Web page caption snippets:
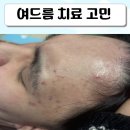 리멤버피부과의원 - 의정부시 오목로225번길 162 | 내돈내산 여드름고민 리멤버피부과 여드름스케일링 1회 후기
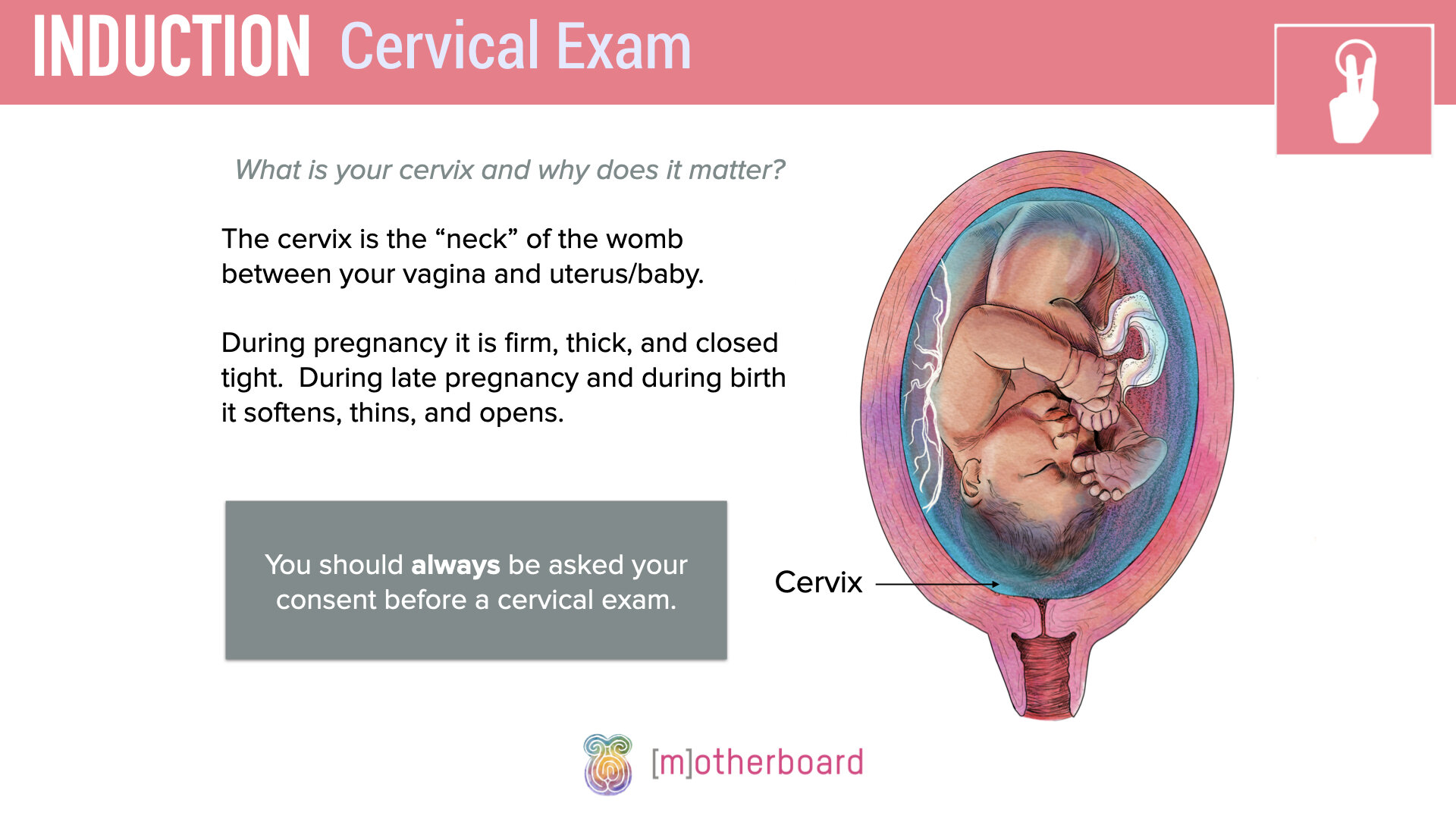 Induction - Cervical Exam.003.jpeg
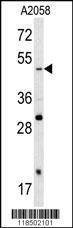 Anti-SOX4 (N-term) Antibody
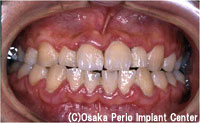 2.歯周病　中期の段階治療前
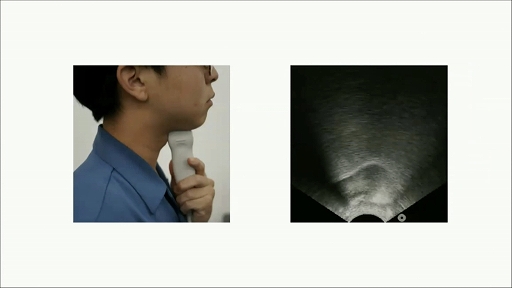 ꡼ No.007 | CEDEC 2021Ͽʹ֤ǽϤĥ֥ҥ塼ޥ󥪡ơפȤϡͤAIͻˤäƵꤦҲ¤Ѳ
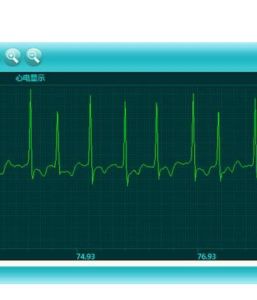 左室高電壓 左室高電壓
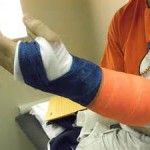 cast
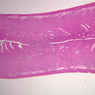 B97, Uterus, 1x (H&E)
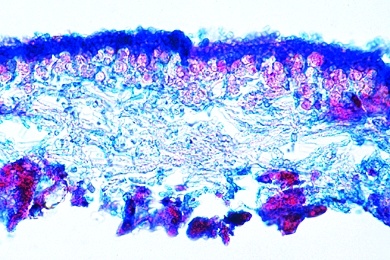 Mikropräparat - Durch Luftverschmutzung zerstörte Flechte, quer
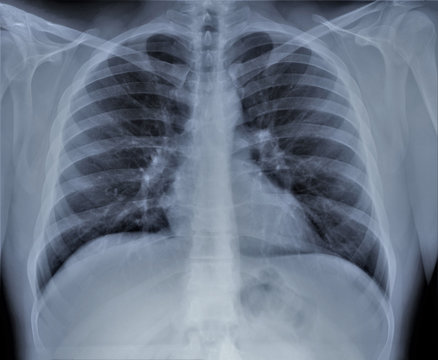 normal radiography of chest organs in direct projection, traumatology and orthopedics, pulmonology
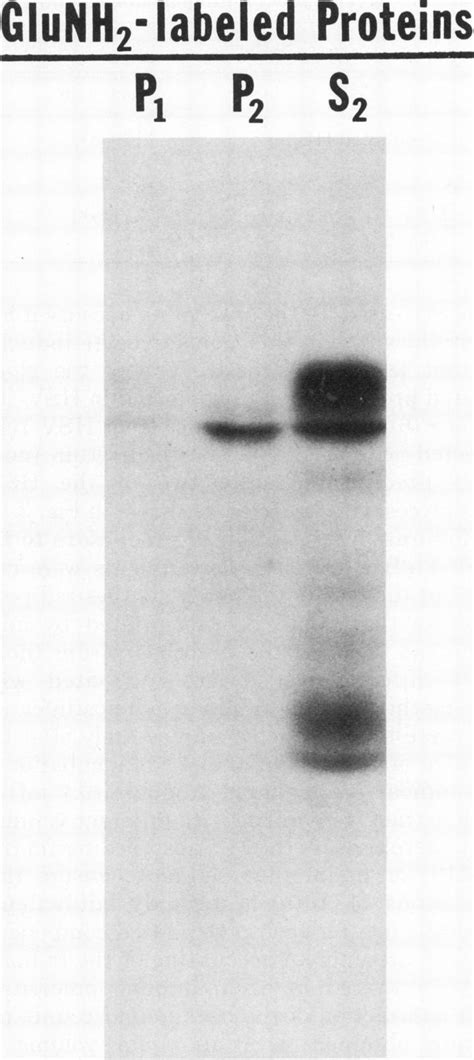 Autoradiogram Of An Sds Acrylamide Gel Slab Showing The Electrophoretic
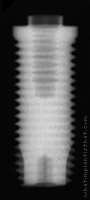 Radiograph of Entegra Screw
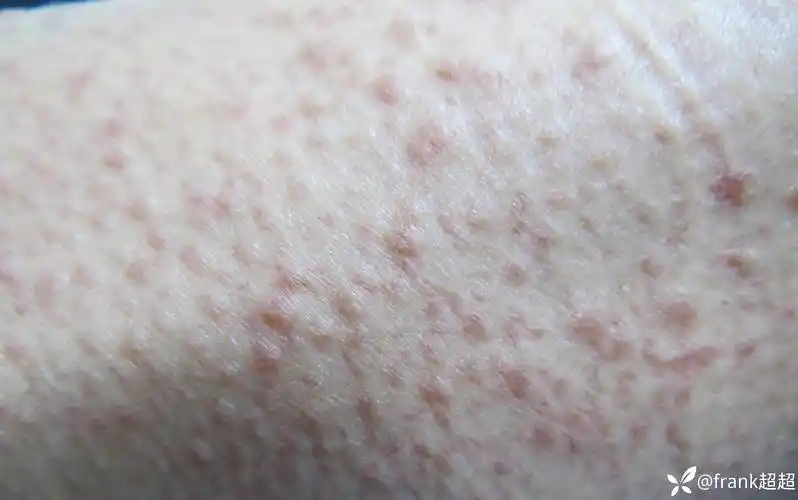 双手臂多发红褐色结节明确病理后是个罕见病皮肤病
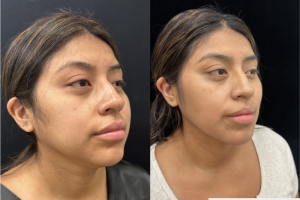 Chin Liposuction before and after photo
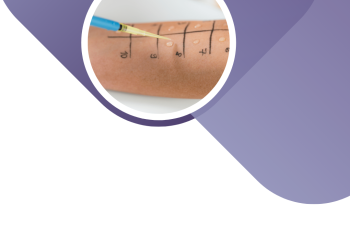 Острые аллергические реакции у детей.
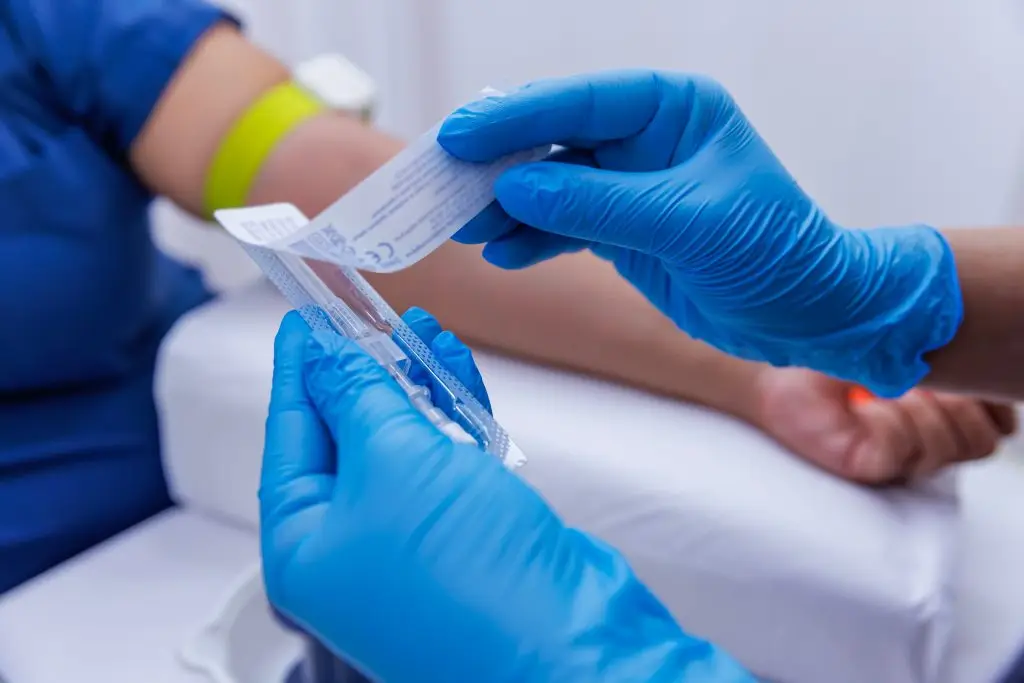 A patient with serum administered in the hospital. Serum is given to the patient. The serum that the nurse makes to her patient. While the doctor opens a vascular access to the patient.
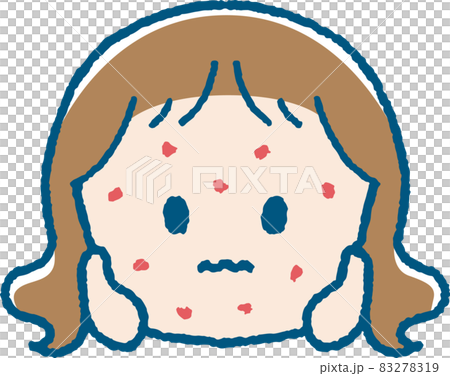 湿疹が出た女の子のイラスト 83278319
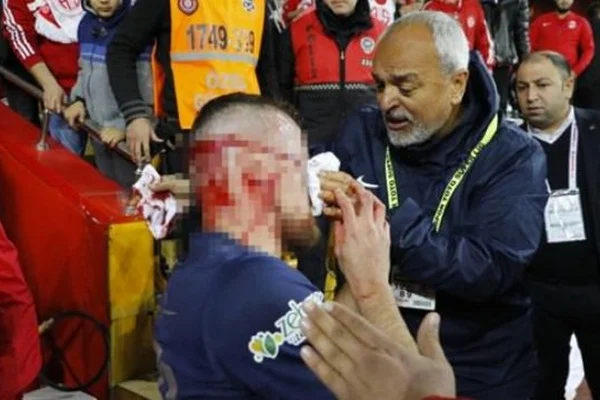 Antalyaspor-Fenerbahçe maçında talihsiz an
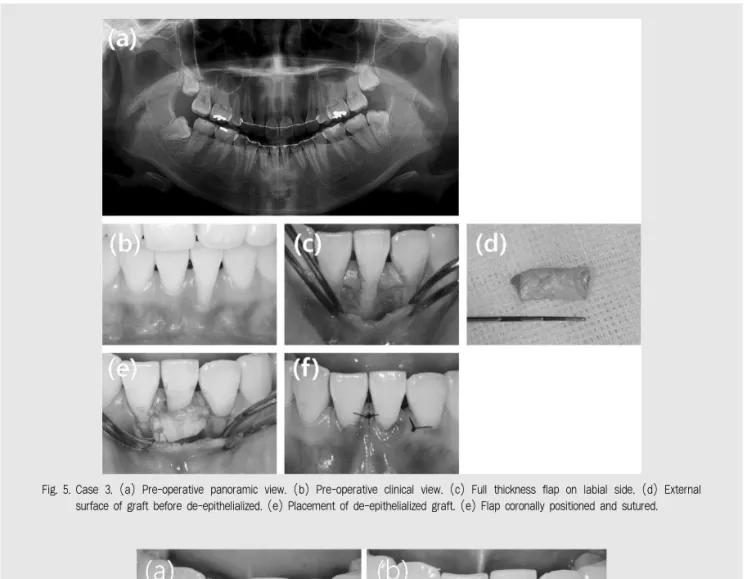 Fig. 5. Case 3. (a) Pre-operative panoramic view. (b) Pre-operative clinical view. (c) Full thickness flap on labial side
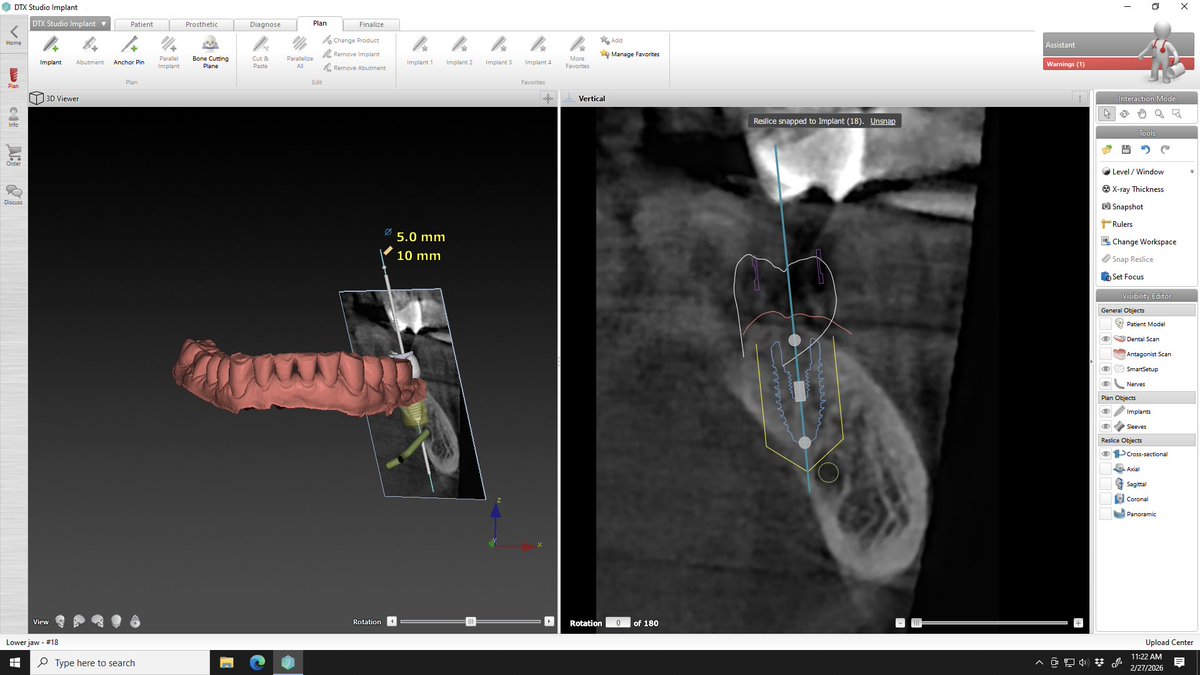 KennerDental's tweet photo. ✅ treatment planning complete. 

I don’t usually replace 2nd molars with implants due to anatomic limitations, and the gain in chewing function relative to the cost. But in this case, the patient wanted it and after doing the work up, is feasible. https://t.co/TqU5pOuTc3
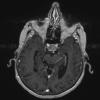 1A2 Spindle cell Oncocytoma (Case 1) T1W A - Copy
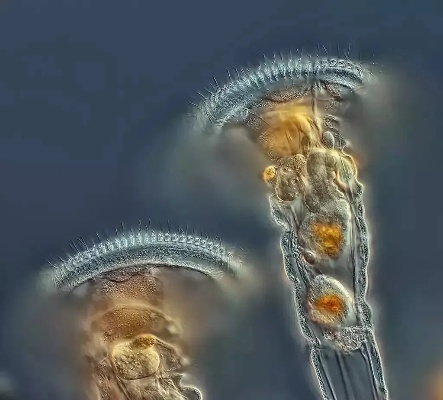 切尔诺贝利之心：纤毛虫超自然现踪点与神秘效应解析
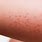 Gluten Rash On Arms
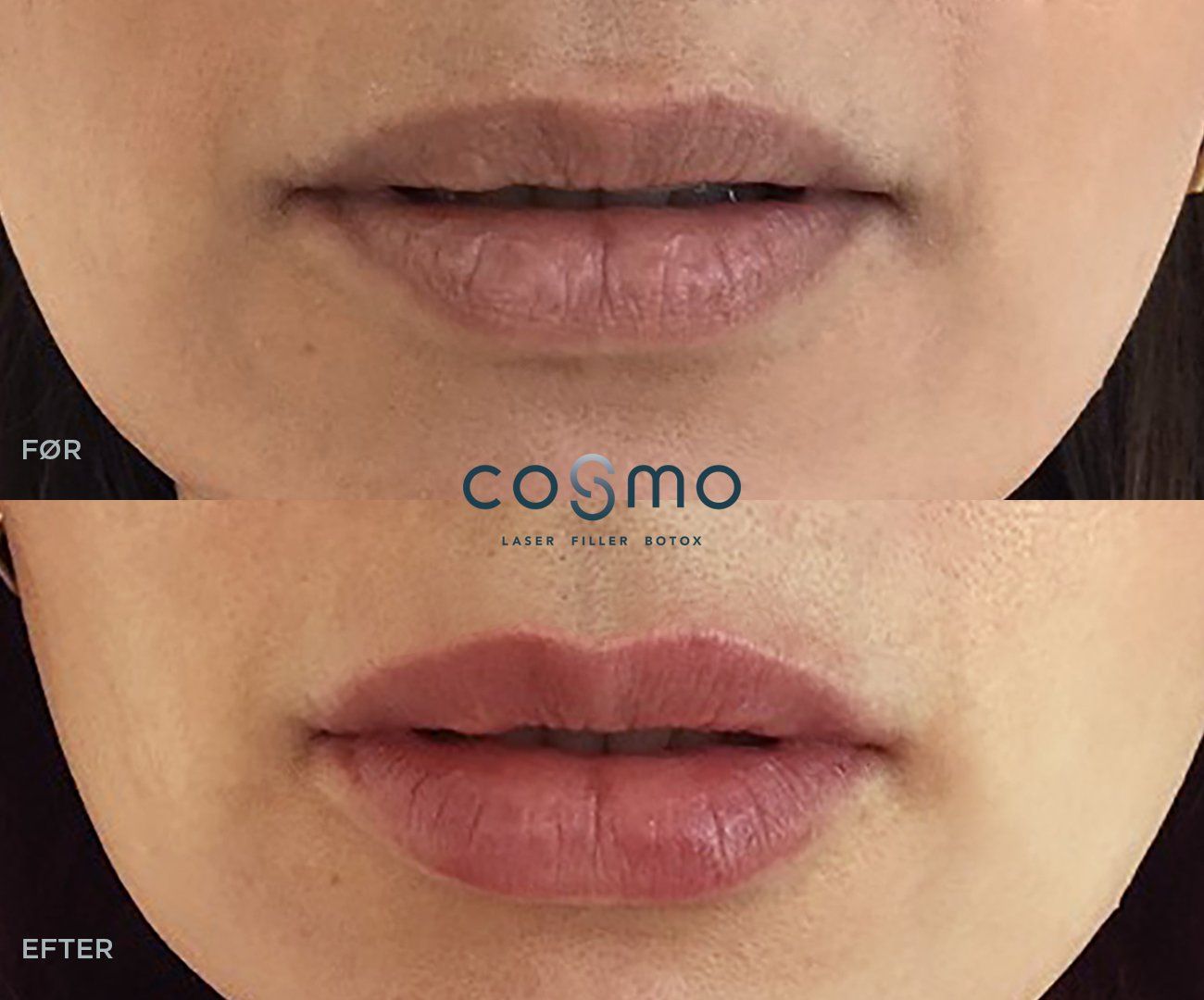 Før og efter læbefiller behandling. Før og efter læbefiller behandling.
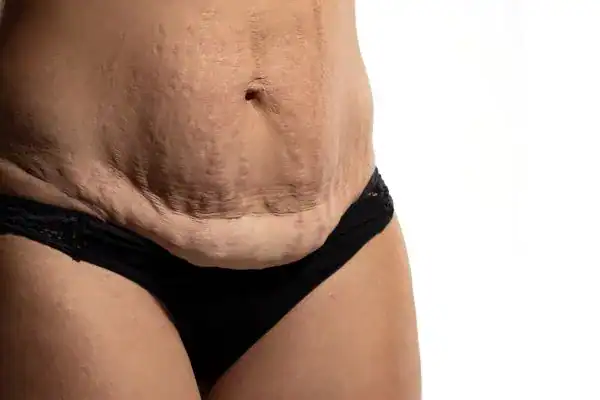 loose skin after weight loss injections Leicestershire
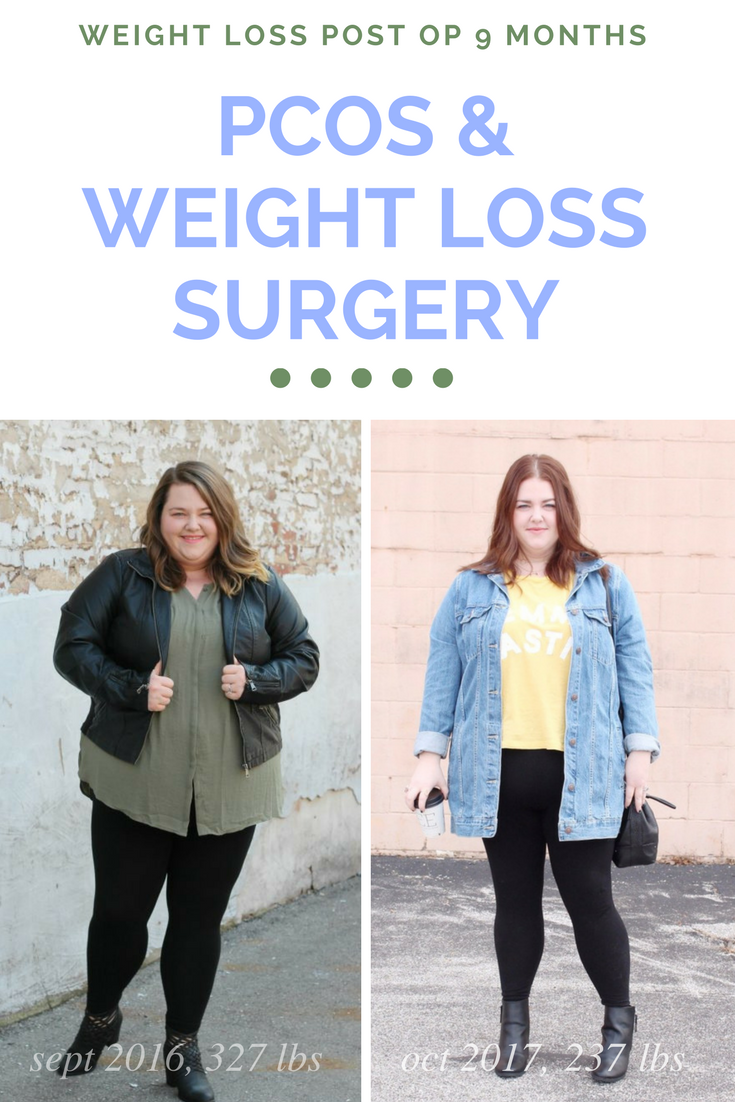 pcos-weight-loss-surgery-blog-dandk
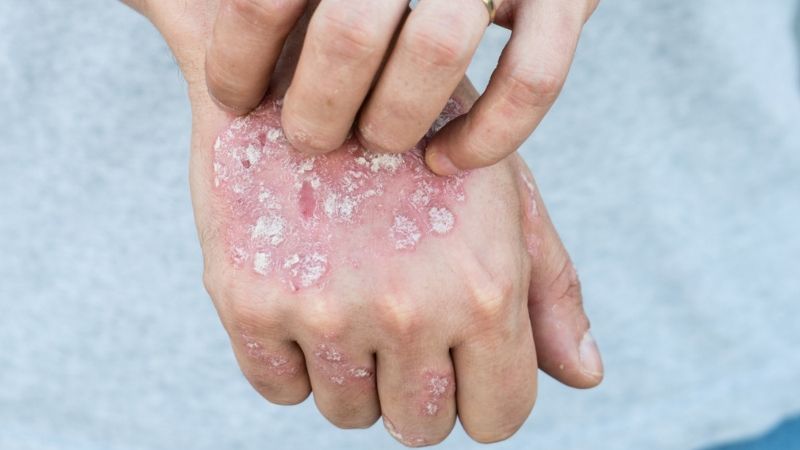 Once Considered Rare, An Itchy Dermatologic Skin Disorder Is More ...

§ **What needs to be done**
Reproduce each line above exactly, but not a single picture.

§ **Output for this exercise**
 리멤버피부과의원 - 의정부시 오목로225번길 162 | 내돈내산 여드름고민 리멤버피부과 여드름스케일링 1회 후기
 Induction - Cervical Exam.003.jpeg
 Anti-SOX4 (N-term) Antibody
 2.歯周病　中期の段階治療前
 ꡼ No.007 | CEDEC 2021Ͽʹ֤ǽϤĥ֥ҥ塼ޥ󥪡ơפȤϡͤAIͻˤäƵꤦҲ¤Ѳ
 左室高電壓 左室高電壓
 cast
 B97, Uterus, 1x (H&E)
 Mikropräparat - Durch Luftverschmutzung zerstörte Flechte, quer
 normal radiography of chest organs in direct projection, traumatology and orthopedics, pulmonology
 Autoradiogram Of An Sds Acrylamide Gel Slab Showing The Electrophoretic
 Radiograph of Entegra Screw
 双手臂多发红褐色结节明确病理后是个罕见病皮肤病
 Chin Liposuction before and after photo
 Острые аллергические реакции у детей.
 A patient with serum administered in the hospital. Serum is given to the patient. The serum that the nurse makes to her patient. While the doctor opens a vascular access to the patient.
 湿疹が出た女の子のイラスト 83278319
 Antalyaspor-Fenerbahçe maçında talihsiz an
 Fig. 5. Case 3. (a) Pre-operative panoramic view. (b) Pre-operative clinical view. (c) Full thickness flap on labial side
 KennerDental's tweet photo. ✅ treatment planning complete. 

I don’t usually replace 2nd molars with implants due to anatomic limitations, and the gain in chewing function relative to the cost. But in this case, the patient wanted it and after doing the work up, is feasible. https://t.co/TqU5pOuTc3
 1A2 Spindle cell Oncocytoma (Case 1) T1W A - Copy
 切尔诺贝利之心：纤毛虫超自然现踪点与神秘效应解析
 Gluten Rash On Arms
 Før og efter læbefiller behandling. Før og efter læbefiller behandling.
 loose skin after weight loss injections Leicestershire
 pcos-weight-loss-surgery-blog-dandk
 Once Considered Rare, An Itchy Dermatologic Skin Disorder Is More ...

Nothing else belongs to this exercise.